Goal of the exercise> Where an entry contains an image, leave the image out; restate everything else exactly.

++++++++++++++++++++

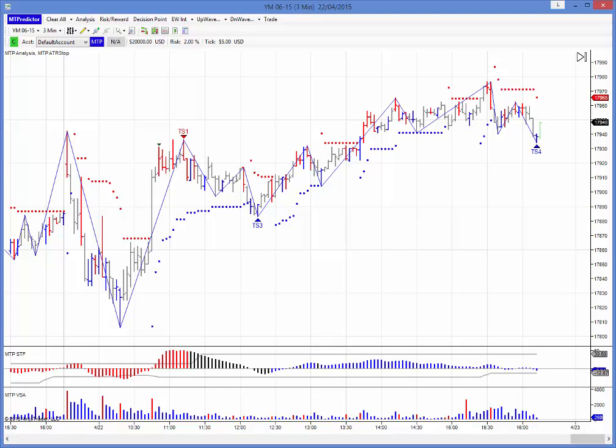Hi everybody, Steve Griffiths here, developer of the MT Predictor software program. In today's MT Predictor video, I'd like to take a look and see how the US CME minis unfolded yesterday.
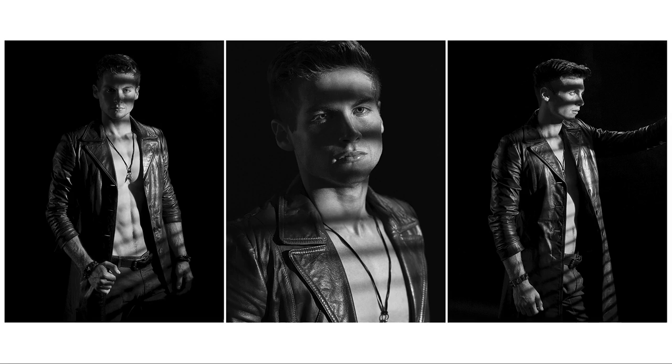All right, guys, that's going to wrap it up for this month. I hope you guys have enjoyed this as much as I enjoyed creating it. Get out there and try your hand at some one light looks. And until next time, this has been Michael Corsentino. I'll see you next month.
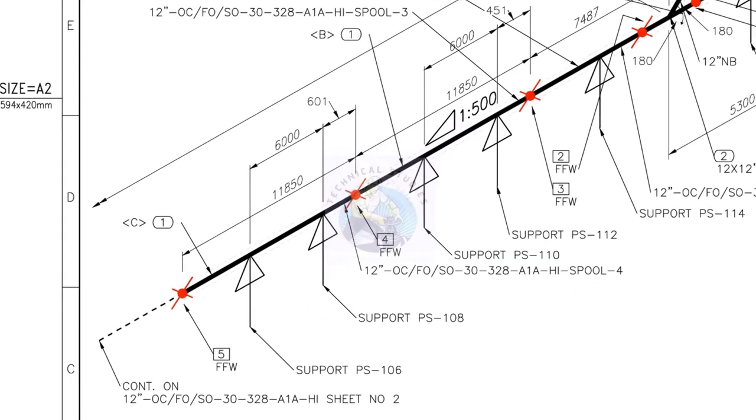Let us check the slope of the first segment of the spool. The length of this segment is 11,850 millimeters.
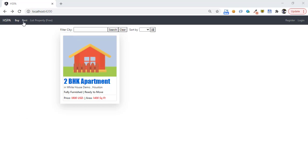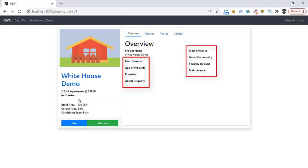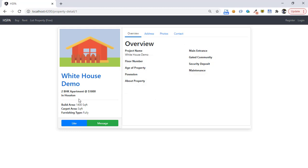We have hooked up our property list page to the API endpoint and populated this property card from the database. We have temporarily hard coded the property ID to load this detailed view. And as our current endpoint does not fetch the data of other fields, these fields are not loaded on this page. So in this video we will create a new API endpoint to load this detailed view.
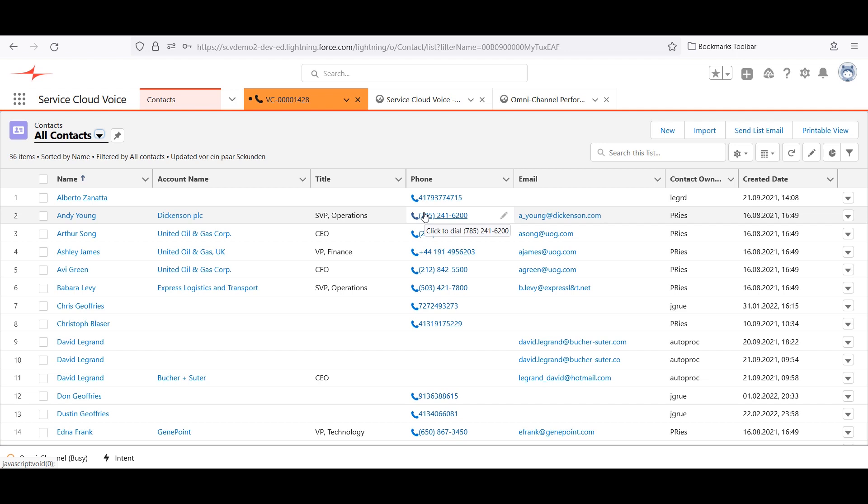In summary, Connects for Service Cloud Voice is an out-of-the-box, easy to use, easy to implement, and feature-rich integration of Service Cloud Voice and the Cisco Contact Center.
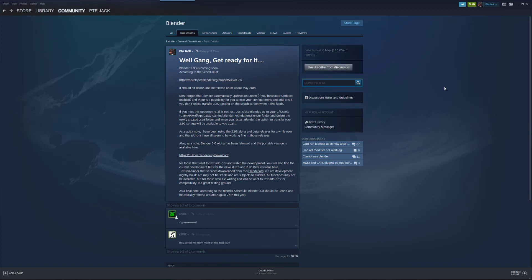For those of you that don't want to update, before we get into updating Blender I'm going to show you how you can lock in a version of Blender so that it does not update except for updates to that particular version.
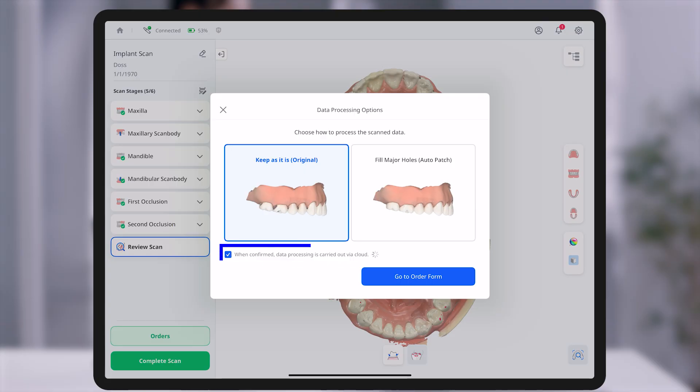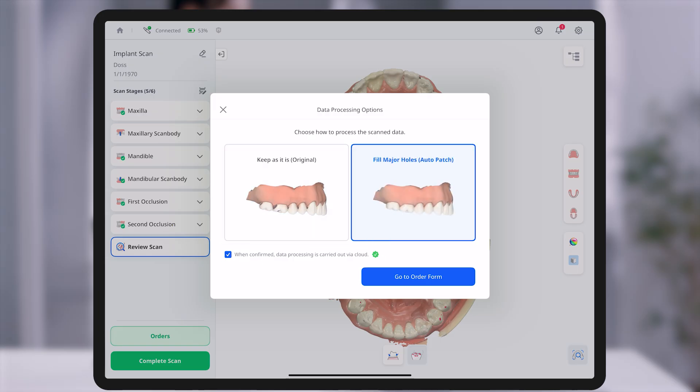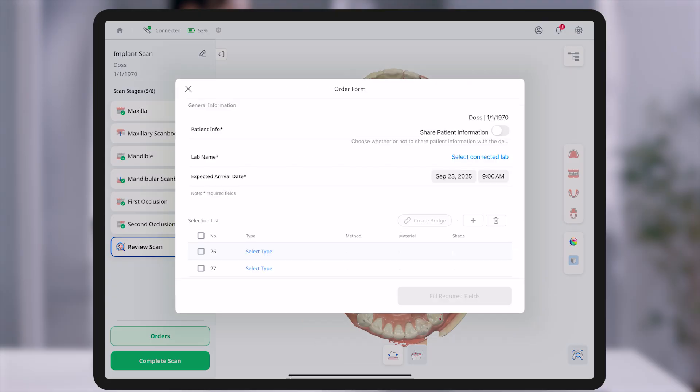Additionally, if you select the checkbox below, the scan data will be processed in the cloud and the finalized result file will be automatically downloaded to your device. The original data stored in the cloud will not count toward your cloud storage usage.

++++++++++++++++++++

Completed task>
Hi everybody, Steve Griffiths here, developer of the MT Predictor software program. In today's MT Predictor video, I'd like to take a look and see how the US CME minis unfolded yesterday.
All right, guys, that's going to wrap it up for this month. I hope you guys have enjoyed this as much as I enjoyed creating it. Get out there and try your hand at some one light looks. And until next time, this has been Michael Corsentino. I'll see you next month.
Let us check the slope of the first segment of the spool. The length of this segment is 11,850 millimeters.
We have hooked up our property list page to the API endpoint and populated this property card from the database. We have temporarily hard coded the property ID to load this detailed view. And as our current endpoint does not fetch the data of other fields, these fields are not loaded on this page. So in this video we will create a new API endpoint to load this detailed view.
In summary, Connects for Service Cloud Voice is an out-of-the-box, easy to use, easy to implement, and feature-rich integration of Service Cloud Voice and the Cisco Contact Center.
For those of you that don't want to update, before we get into updating Blender I'm going to show you how you can lock in a version of Blender so that it does not update except for updates to that particular version.
Additionally, if you select the checkbox below, the scan data will be processed in the cloud and the finalized result file will be automatically downloaded to your device. The original data stored in the cloud will not count toward your cloud storage usage.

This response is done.